TOP FIVE COACHING BACKOUTS
NO. 3 BOBBY PETRINO
Bobby Petrino is a rarity in coaching because he’s left not one, but two programs high-and-dry during his coaching tenure.
Many Louisville fans credited Petrino with building the Cardinals from a Conference USA afterthought into a national power. He was 41-9 with the Cardinals. He led them to only the second 11-win season in school history (at the time) and the first 12-win season in school history (at the time).
Things were so great at Louisville, that on July 13, 2006, Petrino signed a 10-year, $25.6 million contract.
In 2006, the 12-1 Cardinals won the Big East and defeated Wake Forest in the Orange Bowl, the team’s first-ever BCS bowl.
With the Cardinals trending upward, many fans looked toward what should have been a prosperous future while Petrino looked for the nearest exit.

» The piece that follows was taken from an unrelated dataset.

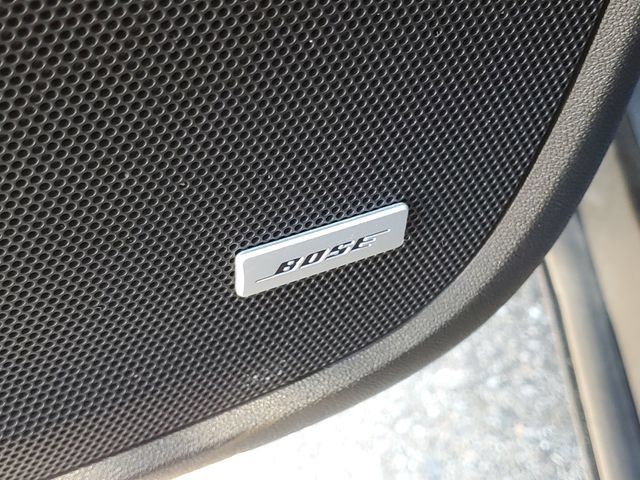 Used 2020 GMC Terrain SLT w/ Preferred Package FWD image 32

Despite his generous contract, school support and fan support, Petrino jumped ship on Jan. 7, 2007, just days after the Orange Bowl win, and accepted a position with the NFL’s Atlanta Falcons.
It was a kick in the gut, no doubt. Louisville had ascended not only in conference but also national prominence and now the guy who led them there was too busy looking for the next big thing.
Fittingly, Petrino didn’t last long in Atlanta. After starting his first season 3-10, he resigned to take the head coaching position at Arkansas. He informed his players by leaving them each a laminated note in their lockers.
As you can imagine, he's not exactly adored in the NFL.
After spending four seasons with Arkansas and leading the Razorbacks to some of the best seasons in school history, Petrino was dismissed in April 2012 after it was learned that he was having an inappropriate relationship with a female subordinate. Many believed Arkansas would be a national championship contender in 2012, but the team went 4-8 and has won just seven games since Petrino left.
But in college football winning means more than hurt feelings and after Petrino spent a season with Western Kentucky, Louisville welcomed him back, but with a buyout of $10 million.
While not all Louisville fans are happy to have him back, they have enjoyed winning and they know Petrino can keep that going. Sometimes that’s all that matters.